Collected material below:
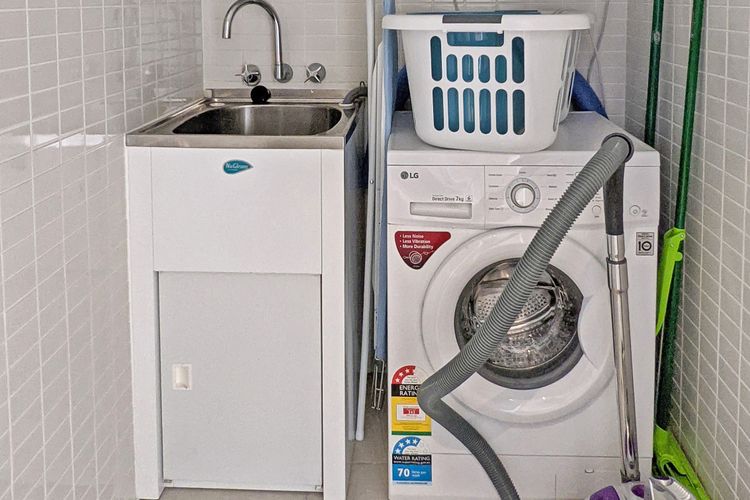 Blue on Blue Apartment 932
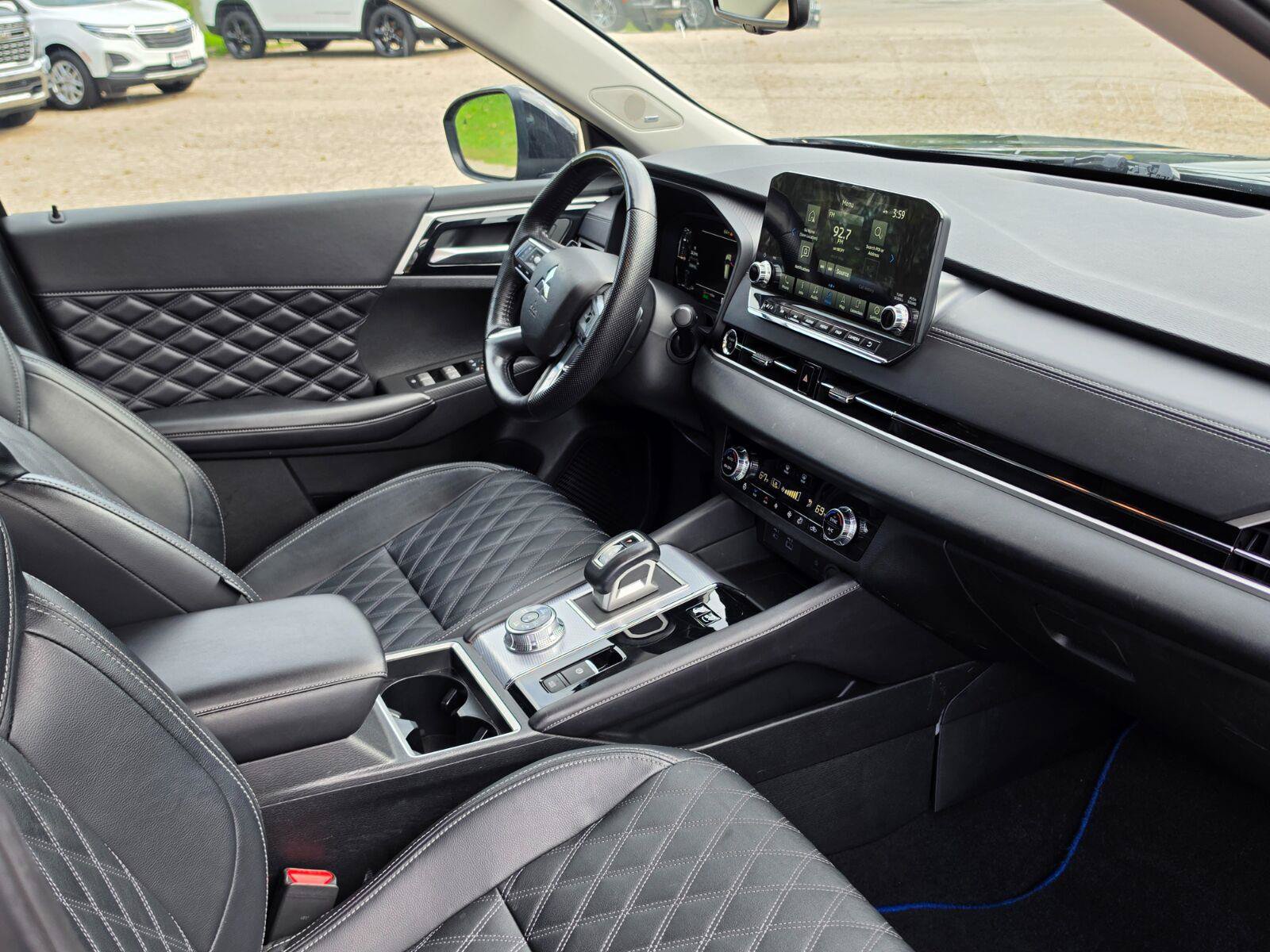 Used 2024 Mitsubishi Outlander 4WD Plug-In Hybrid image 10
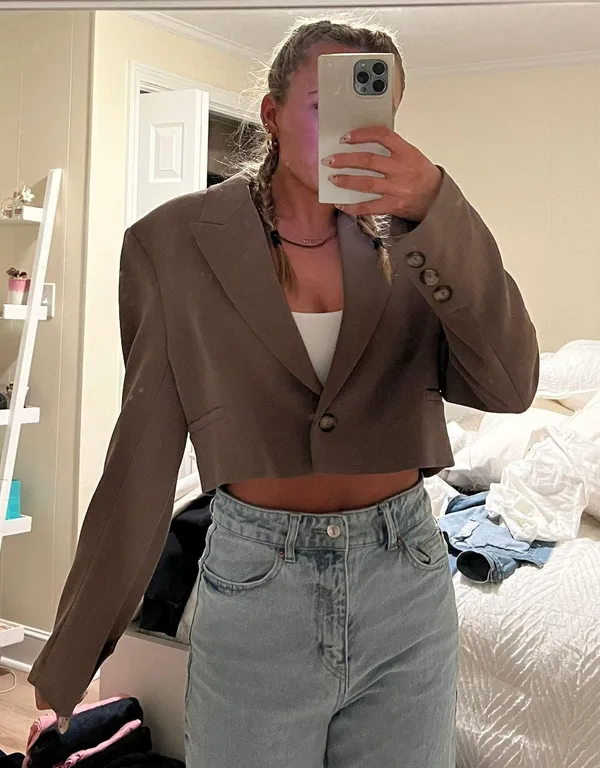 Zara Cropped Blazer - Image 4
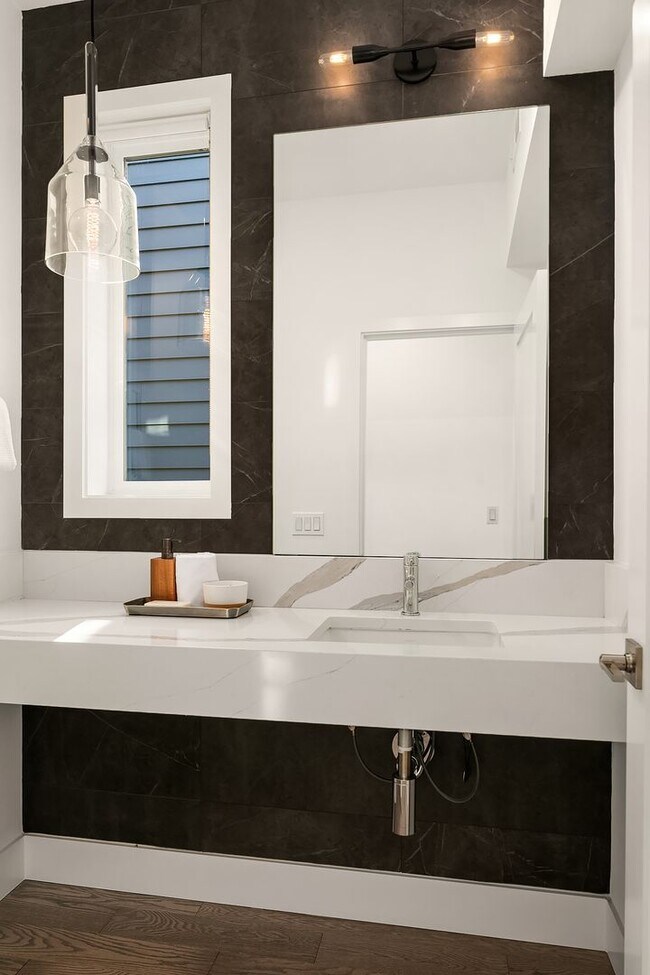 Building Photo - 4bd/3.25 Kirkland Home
End of Collected material.
The problem: Set down all of the data word for word; no pictures belong in it.

Written solution:
 Blue on Blue Apartment 932
 Used 2024 Mitsubishi Outlander 4WD Plug-In Hybrid image 10
 Zara Cropped Blazer - Image 4
 Building Photo - 4bd/3.25 Kirkland Home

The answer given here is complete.